The House and Senate passed approximately 220 bills overall the last two months with about 125 of those during 13 hours on the floor Saturday.
Among the bills approved:
–a bill that would require the state’s health insurance program, PEIA, to pay for maternity services of dependents of those covered by the plan.
–a measure requiring sheriff’s departments to provide bulletproof vests for all county deputies.
–a bill making it a misdemeanor crime for a person on a grand jury to disclose the identity of someone who had been indicted.
–tanning bed regulations aimed at teenagers.
–reducing the amount of money available for a tax credit under the WV Film Office.
–changing water quality standards when it comes to selenium.
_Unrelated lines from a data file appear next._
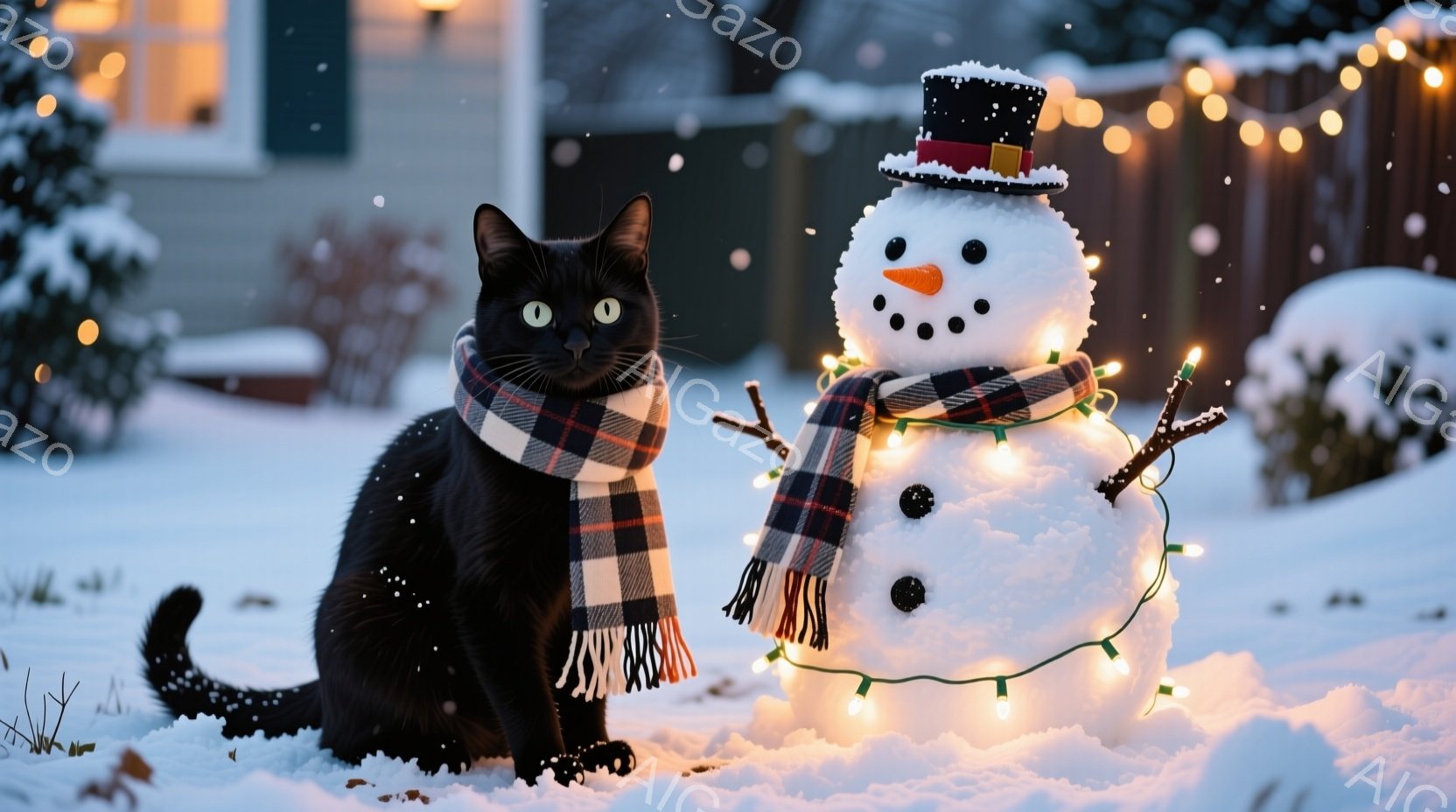 黒猫がチェック柄のマフラーを巻いて雪の上に座っており、その隣には雪だるまが立っている。雪だるまは、シルクハット、にんじんの鼻、石ころの目と口、そして光るイルミネーションで飾られている。背景には、雪に覆 - AI生成フリー素材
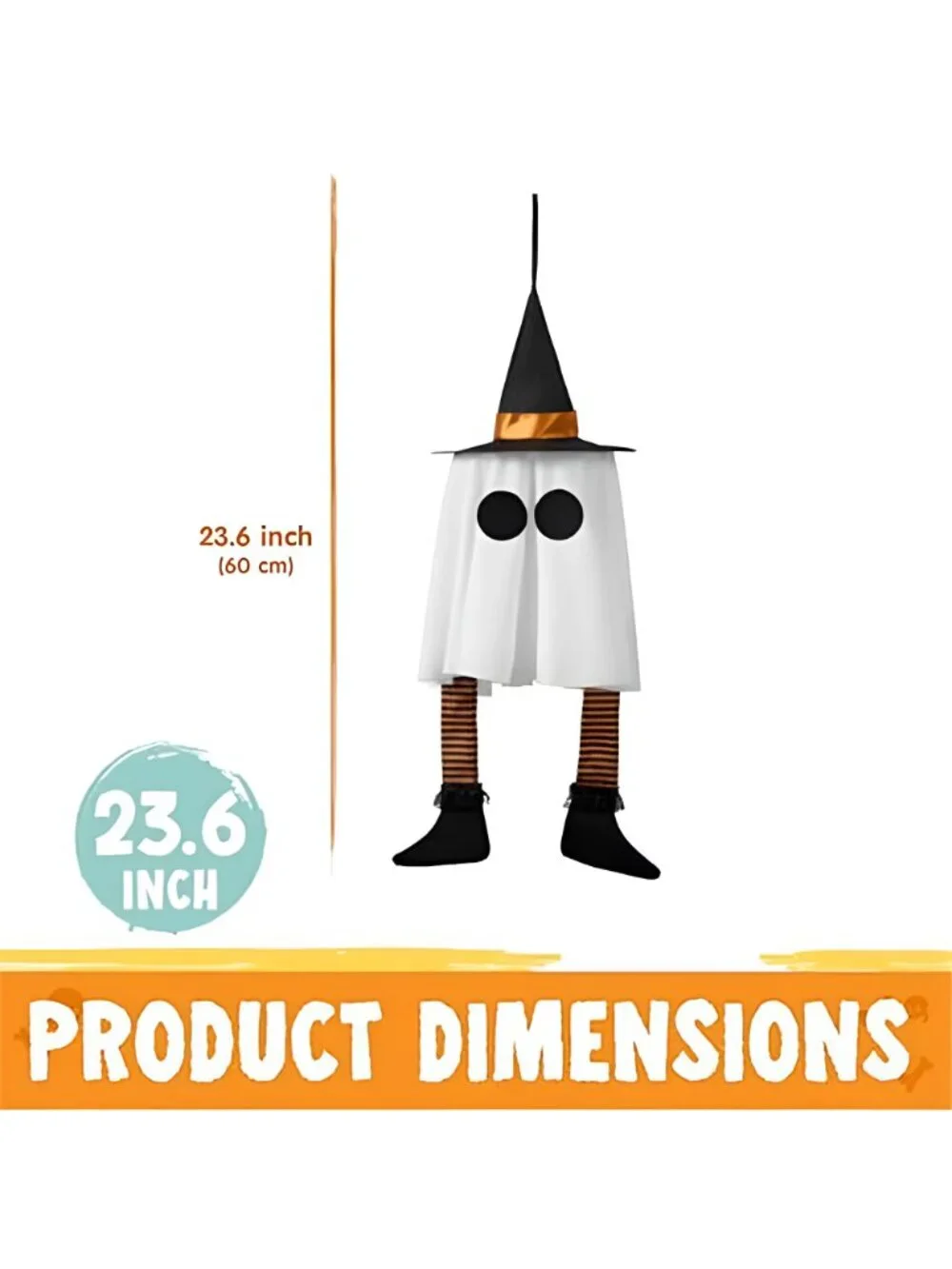 23.6'' 3PCS Halloween Hanging Ghosts Decorations Outdoor, Witch Hats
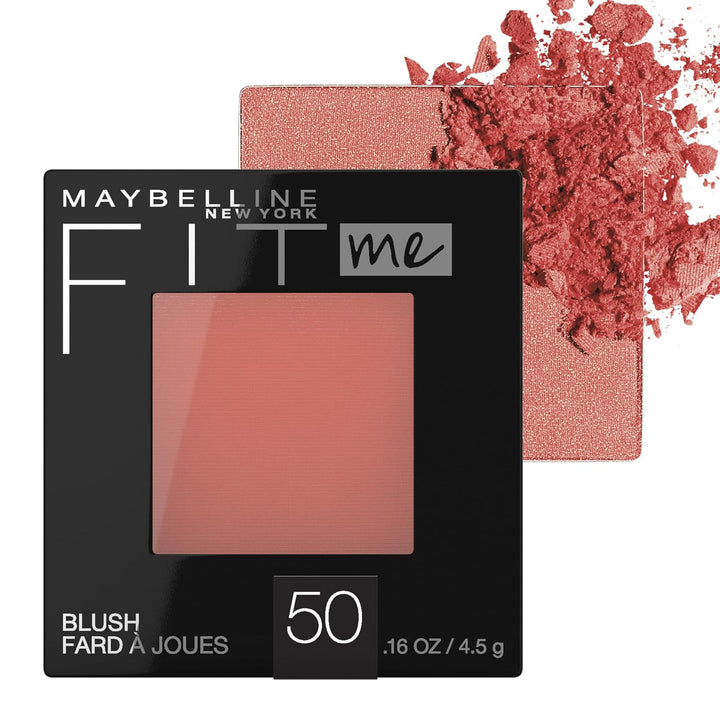 Fit Me Powder Blush, Lightweight, Smooth, Blendable, Long-Lasting All-Day Face Enhancing Makeup Color, Mauve, 1 Count
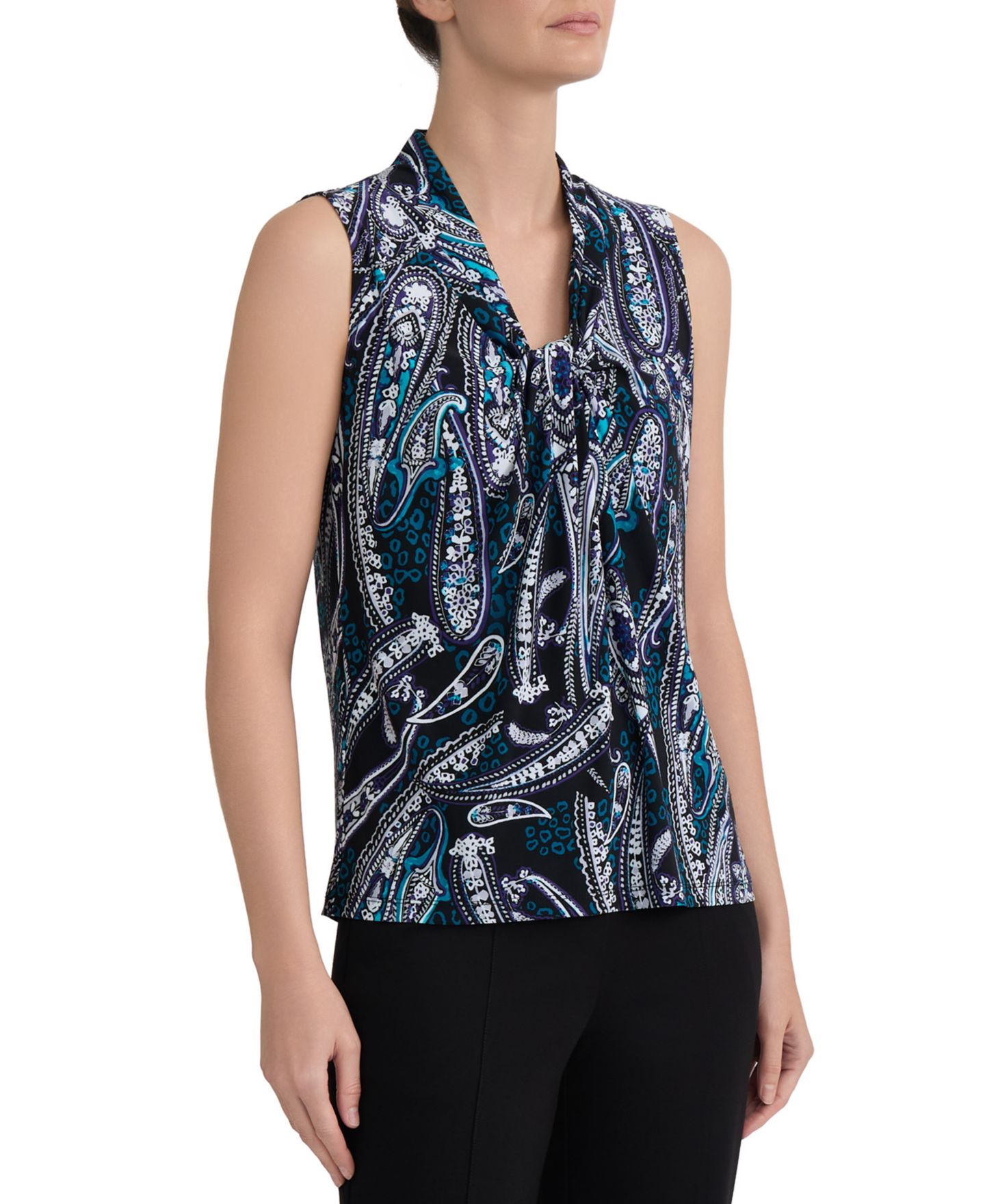 Женская блузка Kasper V-Knot-Neck Sleeveless Blouse, цвет: Чёрный разноцветный — фото 7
–an adjustment in the judicial retirement plan that will reduce what some circuit judges pay into the program, resulting in a take home pay increase of $4,100 for some judges.
–a bill to combine Bridgemont and Kanawha Valley Community and Technical colleges.
–making permanent the Supreme Court Election Public Financing program.
–the governor’s drugged driving bill.
–a bill making it illegal for teenagers to participate in sexting.
It will take several days to get the bills down to the desk of Gov. Earl Ray Tomblin and then several more days for his legal staff to review them before he decides to sign them into law or veto the measures.
The state budget conference committee will begin meeting Monday. A budget will likely be agreed on by the end of the week.